Problem description –
The full listing, exactly as written and with no images, is the expected output.

*** Data for this task

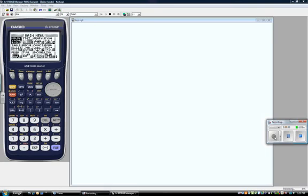Now let's talk about graphing a line. How do you graph a line using the Casio FX 9750G2?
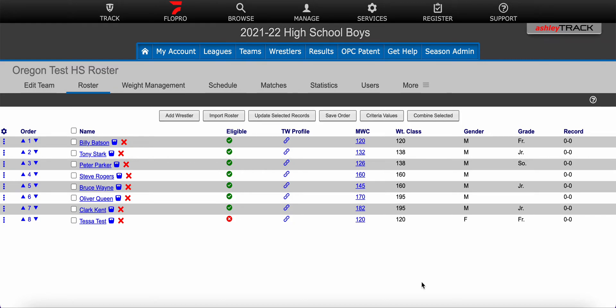Hello and welcome to this Track Wrestling help video. Here at Track Wrestling we are dedicated to helping our team admins manage successful wrestling seasons with confidence. In this video we will discuss viewing an Alpha Master report.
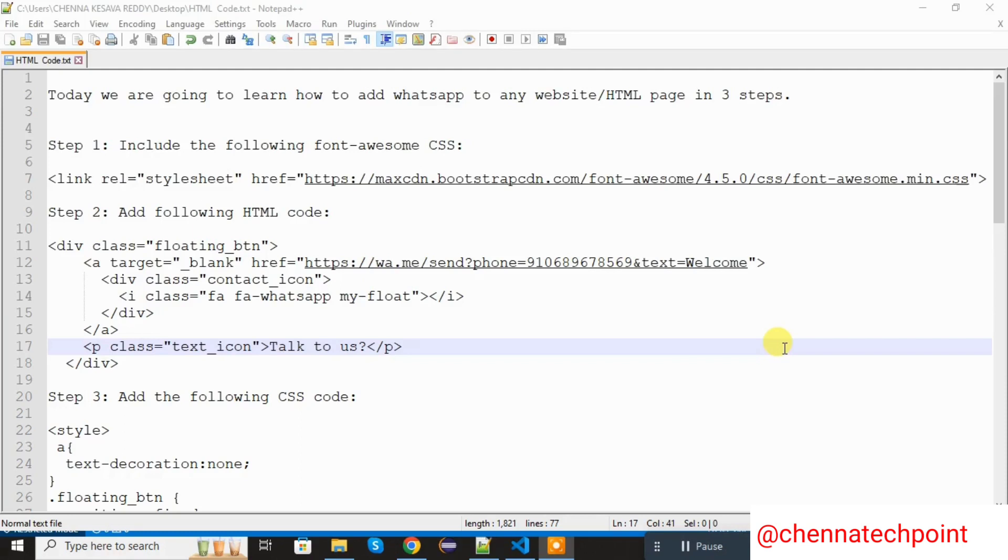Hi friends, welcome back to Chenna Tech Point. Today we are going to learn how to add WhatsApp to any website or HTML page in the below 3 steps.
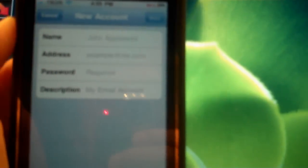First you tap Mail, tap Other, and then enter your information in this box.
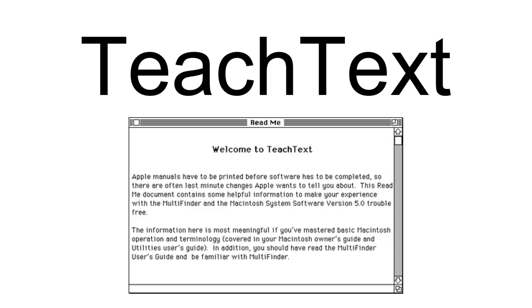TeachText could only operate on a single document at a time and supported only the default text font — 12 Geneva at the time — in the MacRoman encoding, with formatting such as bold, italic, and underline. It also included rudimentary support for embedded images.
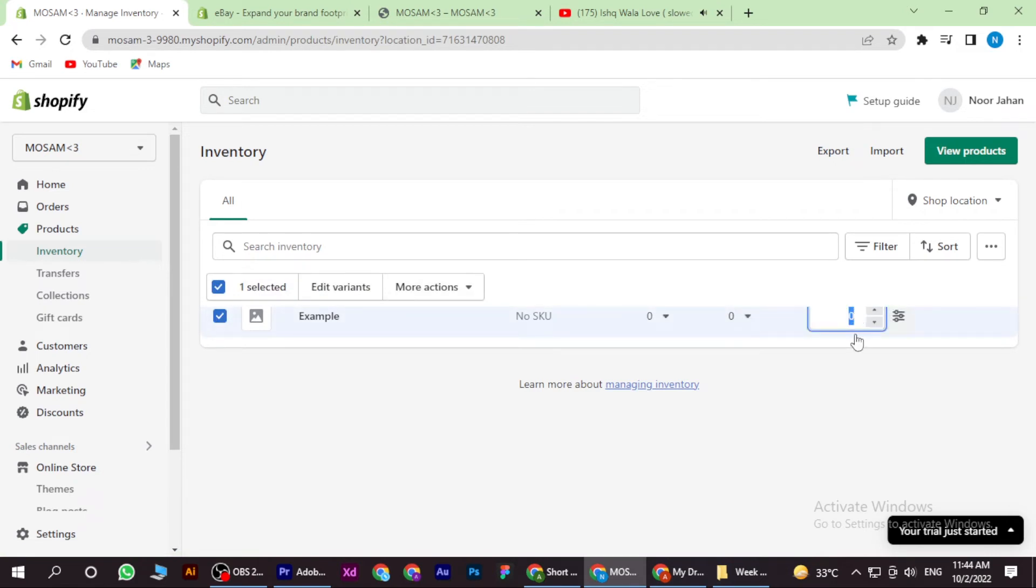Here you can increase or decrease the quantity of the product and also edit the variants.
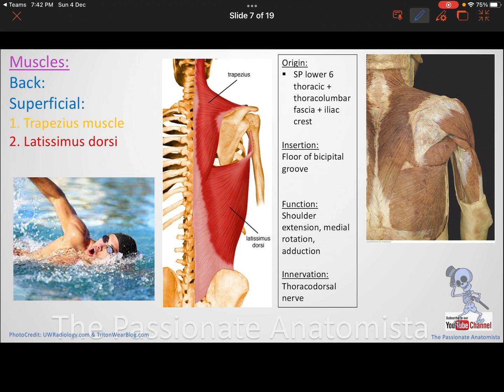The innervation of the latissimus dorsi is the thoracodorsal nerve.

******

Result for this exercise –
Now let's talk about graphing a line. How do you graph a line using the Casio FX 9750G2?
Hello and welcome to this Track Wrestling help video. Here at Track Wrestling we are dedicated to helping our team admins manage successful wrestling seasons with confidence. In this video we will discuss viewing an Alpha Master report.
Hi friends, welcome back to Chenna Tech Point. Today we are going to learn how to add WhatsApp to any website or HTML page in the below 3 steps.
First you tap Mail, tap Other, and then enter your information in this box.
TeachText could only operate on a single document at a time and supported only the default text font — 12 Geneva at the time — in the MacRoman encoding, with formatting such as bold, italic, and underline. It also included rudimentary support for embedded images.
Here you can increase or decrease the quantity of the product and also edit the variants.
The innervation of the latissimus dorsi is the thoracodorsal nerve.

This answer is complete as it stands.